The real question now is: how are lithium suppliers going to feed all this new demand

Thank Tesla, of course. The EV pioneer has risen the profile of EV tech and opened up its first "gigafactory" in January 2017. But Tesla isn't alone: it only provides 30% of EVs, and in a few decades demand for the vehicles is going to skyrocket in the US, Europe and Asia where sales of gas-powered cars could become illegal.

By 2025, the battery market alone will be twice as big as today's entire lithium market—and the growth will only continue.

In early 2018, fears of an oversupply sent some lithium stocks tumbling. But their wrong; Asia and Europe have already started talking about banning gas-powered vehicles, and a lot of lithium will be needed to meet that new demand.

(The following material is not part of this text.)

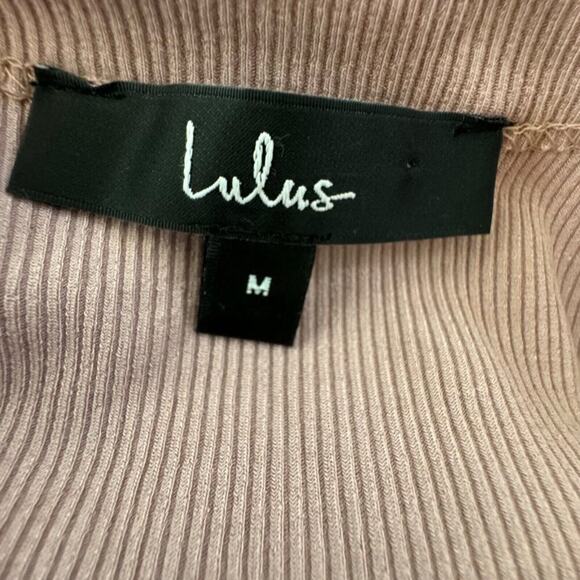 Lulus Mauve Ribbed Bodysuit Size Medium - Picture 3 of 3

The EV industry alone uses up almost 40 percent of the world's lithium supply for batteries, and when you add massive energy storage solutions, unbridled consumer electronics growth and the emergence of more battery gigafactories—lithium supply will indeed be fantastically tight.

Today we're looking at 5 stocks that will bring the most lithium at the lowest prices.

#1 Albemarle (NYSE:ALB)

This major producer of chemicals is the world's largest supplier of lithium, and has been since early 2015 when it acquired Rockwood Holdings. Right now, ALB has about 35 percent of the global lithium market share.

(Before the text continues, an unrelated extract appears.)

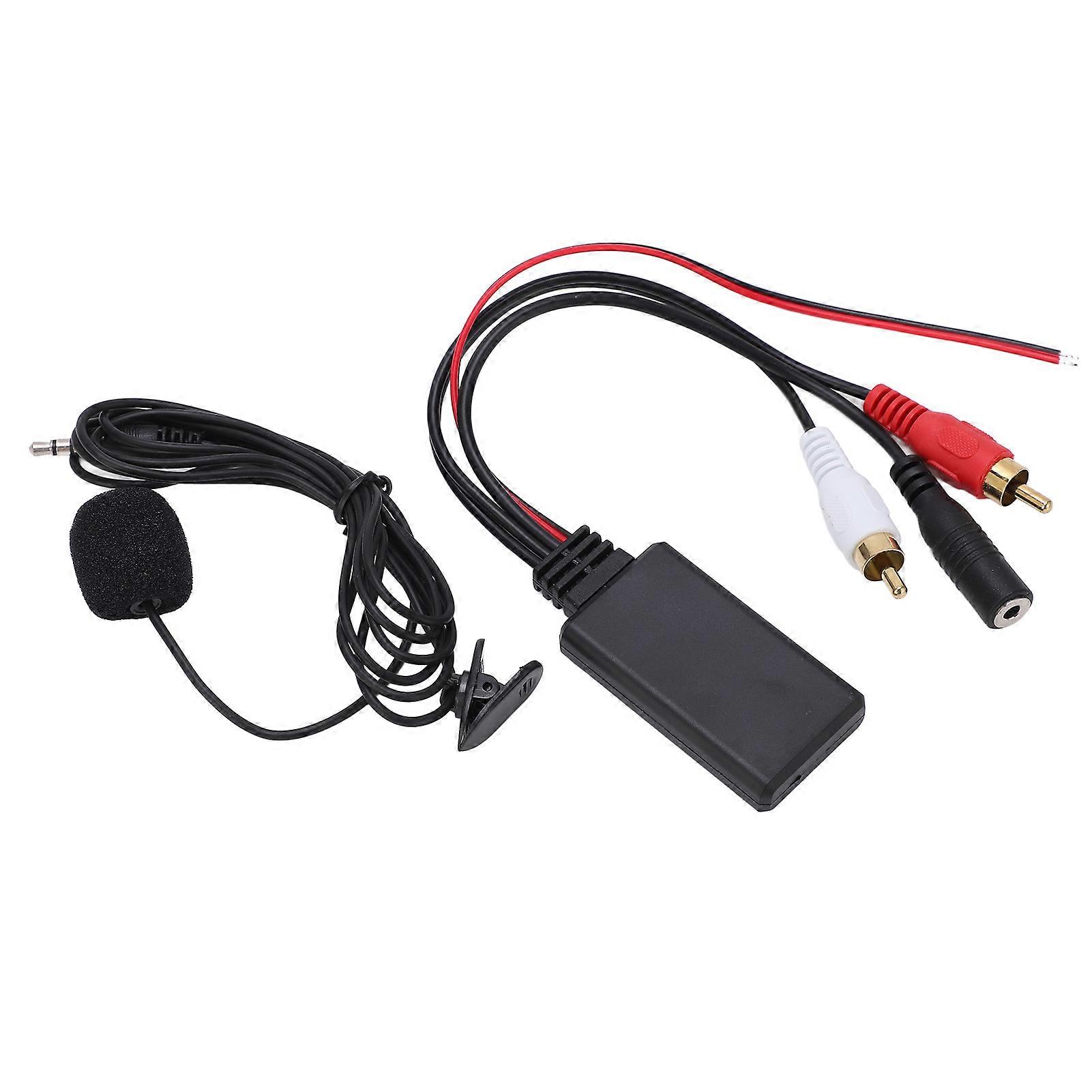Bluetooth5.0 AUX IN Adapter Wireless Stereo Cable Handsfree Microphone Suitable for Pioneer with 2RCA o Port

And if you think the lithium stock extravaganza is over, guess again. This huge company, with a $14 billion market cap, still has plenty of room to expand.

Albermarle enjoyed a boom last year, reaching as high as $140 before tumbling down to less than $100 when it failed to fully deliver on investor expectations.

But 2017 was still a banner year, with 31 percent year-on-year revenue growth in its segment for lithium and advanced-materials in Q1 2017.

Major catalysts include an up-coming doubling of lithium carbonate production capacity thanks to a recent regulatory approval to expand Greenbushes in Australia, which will begin in the Q2 2019. And there will be more growth before then, with capital expenditures of up to $400 million. Lithium is the key focus right now for Albemarle.

The company has beaten analyst estimates for four quarters running, with a price-to-earnings (P/E) ratio of 25.42—way above the industry average.

#2 International Battery Metals (CSE:IBAT; OTC: RHHNF)

With the global battery market set to hit $120 billion in less than two years, lithium is now more of a tech play than a mining play. That means that tech expertise will be needed to meet the new demands of a changing sector.

Enter International Battery Metals (BAT.CN), a little company with big ambitions. It's signed a definitive agreement with North American Lithium (NAL) to buy the new, advanced technology to get lithium out of brine in 24 hours instead of 24 months.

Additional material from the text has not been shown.